On the Robin spectrum for the hemisphere

TL;DR

This paper investigates the spectral properties of the Laplacian with Robin boundary conditions on the hemisphere, revealing clustering behavior, bounds on eigenvalue gaps, and the distribution of eigenvalue spacings.

Contribution

It provides new bounds on eigenvalue gaps, characterizes multiplicities, and establishes the limiting spacing distribution for Robin eigenvalues on the hemisphere.

Findings

Eigenvalues cluster around the Neumann spectrum.

Eigenvalue gaps are unbounded with positive Robin parameter.

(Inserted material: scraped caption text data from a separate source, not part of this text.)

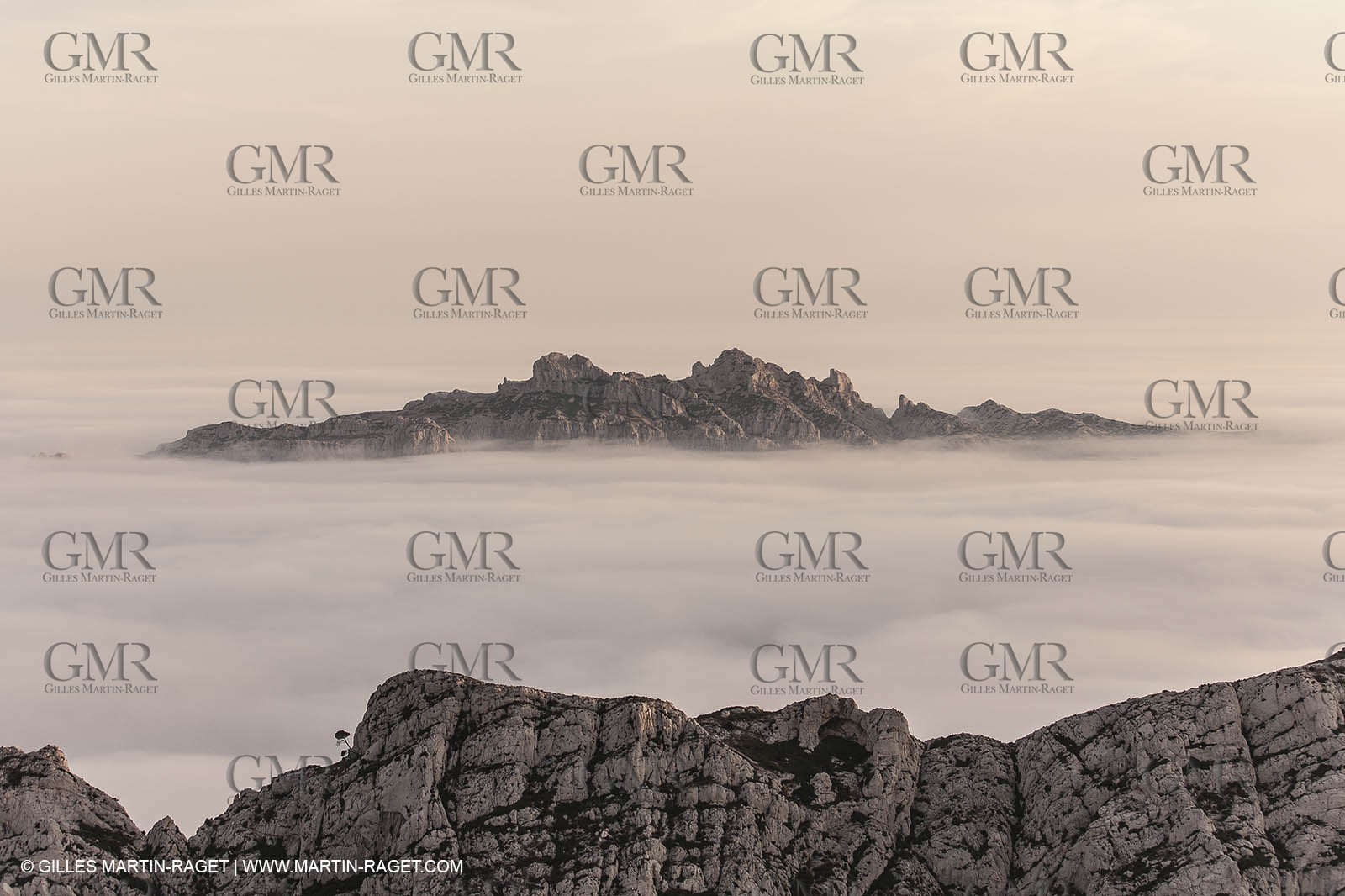 18 07 2012 -Marseille (FRA ) - The Calanques - Unusual foggy conditions
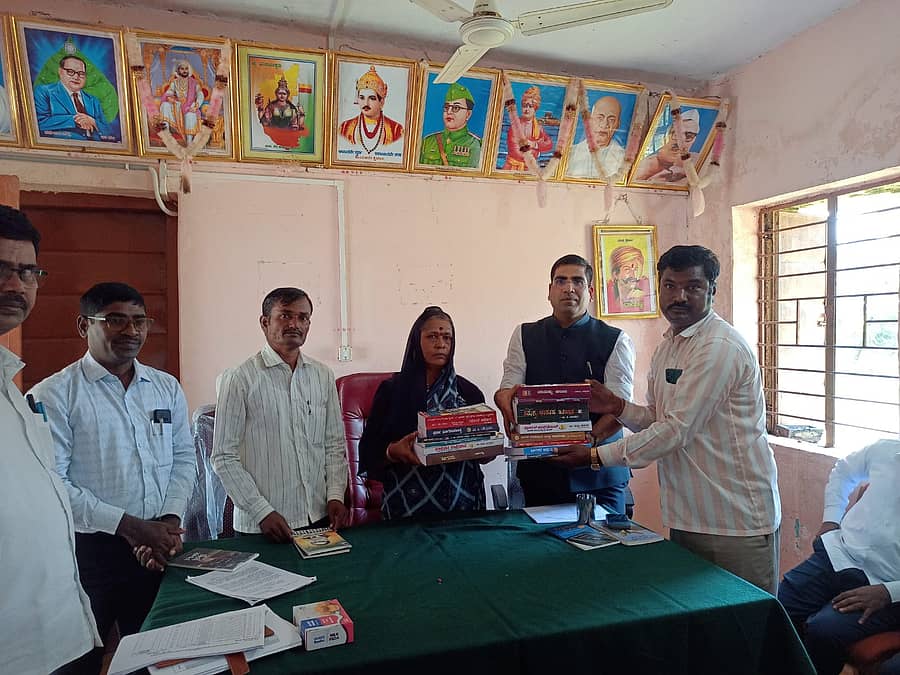 <div class="paragraphs"><p>ಆಳಂದ ತಾಲ್ಲೂಕಿನ ನಿರಗುಡಿ ಗ್ರಾಮದ ಅರಿವು ಕೇಂದ್ರಕ್ಕೆ ಜಿ.ಪಂ. ಸಿಇಒ ಭಂವ್ಹರ್‌ ಸಿಂಗ್‌ ಮೀನಾ ಭೇಟಿ ನೀಡಿ ಪುಸ್ತಕ ವಿತರಿಸಿದರು</p></div>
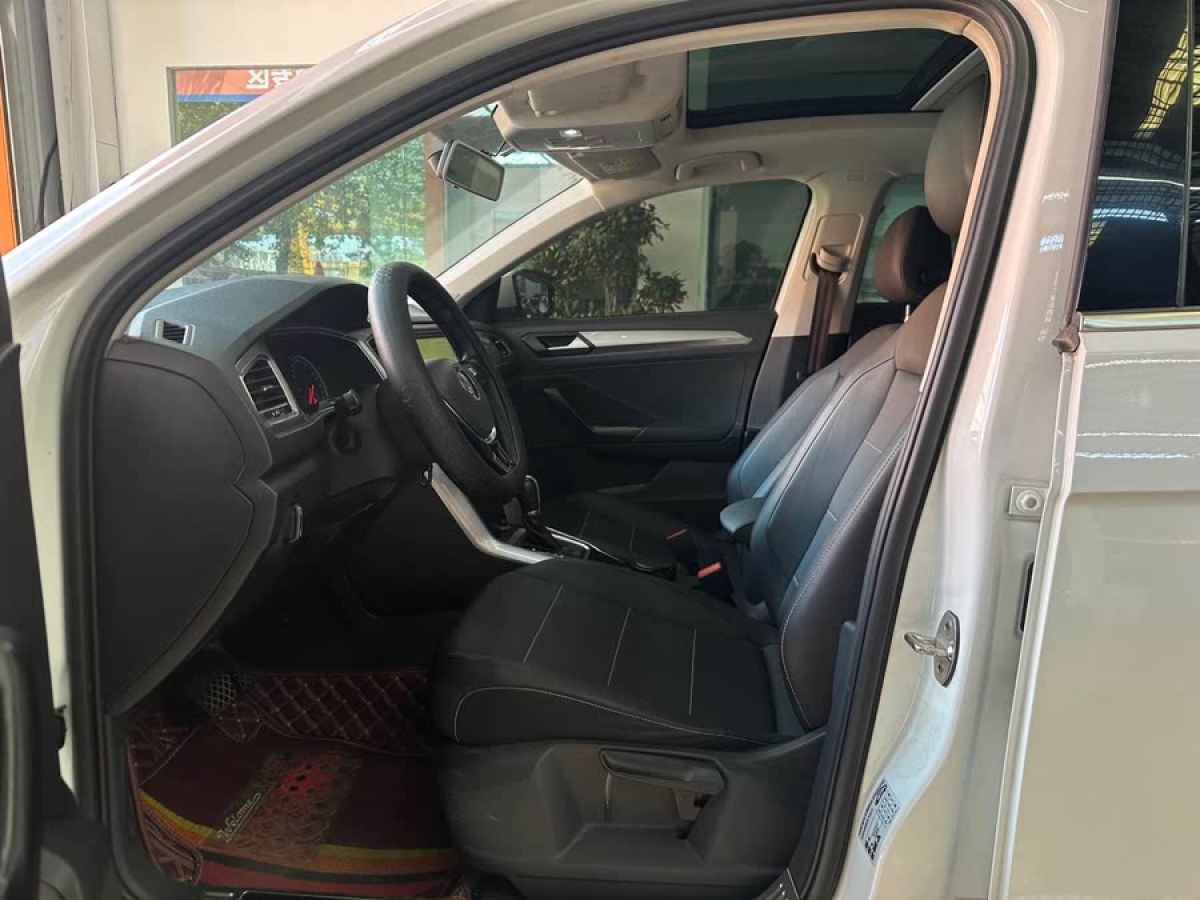 大眾 T-ROC探歌  2019款 230TSI DSG兩驅(qū)進(jìn)取型 國(guó)V圖片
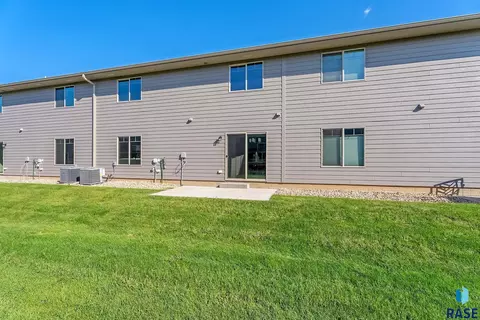 Exterior - 3919 E Iron Bridge Pl, Sioux Falls, SD 57108 photo 2 of 4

The spacing distribution converges to a delta function at zero.

Abstract

We study the spectrum of the Laplacian on the hemisphere with Robin boundary conditions. It is found that the eigenvalues fall into small clusters around the Neumann spectrum, and satisfy a Szeg\H{o} type limit theorem. Sharp upper and lower bounds for the gaps between the Robin and Neumann eigenvalues are derived, showing in particular that these are unbounded. Further, it is shown that except for a systematic double multiplicity, there are no multiplicities in the spectrum as soon as the Robin parameter is positive, unlike the Neumann case which is highly degenerate. Finally, the limiting spacing distribution of the desymmetrized spectrum is proved to be the delta function at the origin.